Addressing long term water needs requires long term thinking which will never be the domain of politicians in Sacramento.
It is much easier for elected officials to apply a “technical” fix knowing they will be out of office before the bill arrives.
What we need are courageous politicians who dare to engage with citizens in understanding and exploring solutions that actually address water needs and not water wants.
North Orange County does not need an ocean desalination project and hasn’t even figured out what they would do with the water. If Ms. Bates thinks one is needed in South Orange County, then she should address her own district’s needs first.
Some of Orange County’s water managers and politicians insist that a proposed partnership between Poseidon Resources Inc. and the Orange County Water District to build a $1 billion ocean desalination plant in Huntington Beach is a good deal at even three or more times the $600 an-acre-foot price currently paid by OCWD for imported water.
That’s a great price to pay for a reliable source of water during shortages caused by drought, earthquakes, and population growth, they say, because it would protect our economy and general welfare.
Conservation, rainwater retention, and expanded wastewater recycling are suggested as cheaper alternatives to ocean desalination.
Those proposed changes are much more cost effective than desalination and would help to maintain a reliable marine life population along the California coast.
Now a new idea has come forth from one of the County’s most experienced water managers, Peer Swan, who serves on the Irvine Ranch Water District Board of Directors.
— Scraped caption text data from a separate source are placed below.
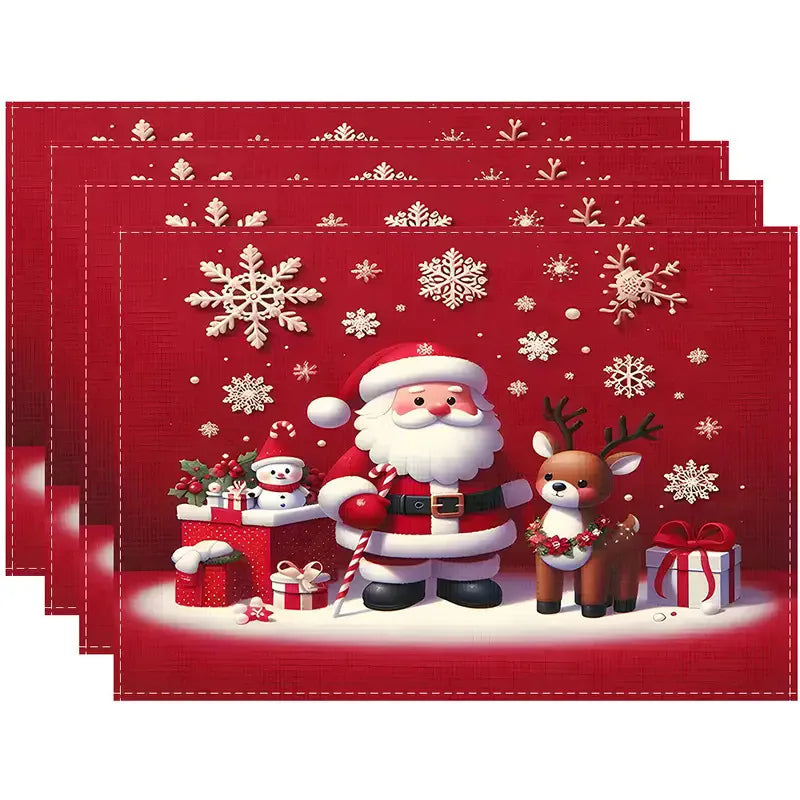 1/6PC Festive Linen Table Mats, Christmas Independence Day Placemats, Dinner Party, Washable Dining Accessories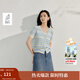 茵曼（INMAN）薄款彩虹冰絲條紋針織衫2025夏季女裝新款設計感短袖開(kāi)衫上衣 淺藍色 S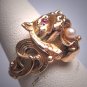 Rare Antique Art Nouveau Lion Ring Ruby Pearl 14K Gold c.1890 Wedding Band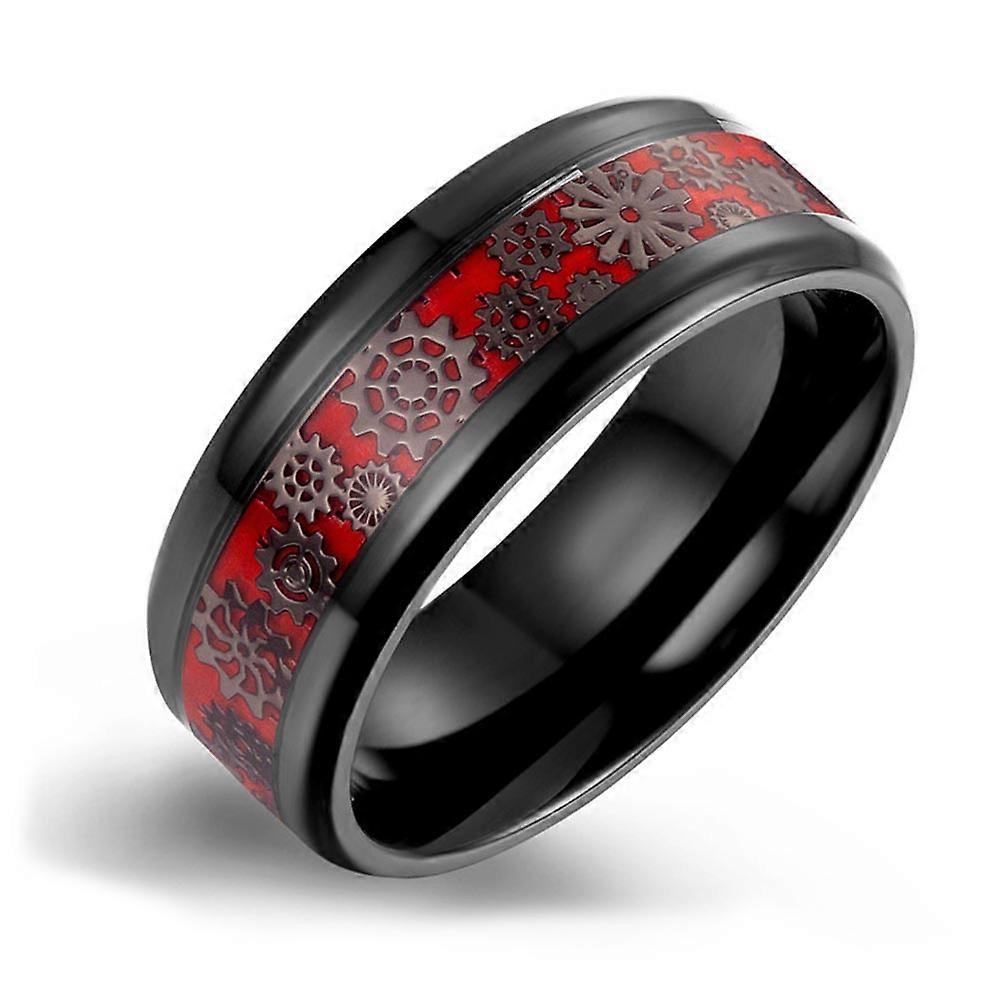 Cool Finger Ring Resistant to Deformation Black Fiber Size 9 Mechanical Gear Shaped for Prom 1Set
Speaking to over 200 Orange County residents at a town-hall meeting in Huntington Beach on March 4, Swan explained how a commonsense change in the way we manage our groundwater basin and water imports could provide all the reliability we need, avoiding nearly $1 billion in desalination costs every 10 years.
On average, north Orange County gets about 70 percent of its water by pumping it from the groundwater basin. The 30 percent difference is made up with water purchases that member agencies make from the Metropolitan Water District of Southern California (MWD).
OCWD manages the basin to prevent excessive overdraft, but not necessarily to maximize its potential capacity.
There are three major sources of water used to recharge the basin: 1) rainfall/Santa Ana river flows; 2) the Ground Water Replenishment System (turning waste water into drinking water); and, 3) imported water from MWD.
Swan’s solution for water reliability is simple.
Historically, severe drought has caused MWD to reduce water allocations in one out of 15 years. To be conservative, Swan assumed water rationing in two out of ten years.
If OCWD and its member agencies withdrew less water from the basin during the eight years that have rain while maximizing their use of imported water, the basin would be full for dry periods, acting as our water reliability “insurance” policy during years of water rationing.
The groundwater basin, our water bank, eliminates any need to create additional “reliability” supplies at enormous cost.
Before shifting an exorbitant $1 billion insurance policy to the ratepayers, water managers should thoroughly analyze all of the commonsense alternatives.
But the OCWD’s board of directors has been loath to use commonsense over the past year, rushing toward a draft contract with Poseidon, while limiting transparency and public discussion of important issues left unanswered.
Ratepayers want reduced water bills. Conservationists want reduced environmental impacts. These two constituencies are not necessarily mutually exclusive, but Swan’s commonsense approach would answer both of their concerns.
It is simply not good enough for our elected representatives on water boards to respond with the hollow claim that, “Even if we did all the alternatives first, we still need the water Poseidon is offering.”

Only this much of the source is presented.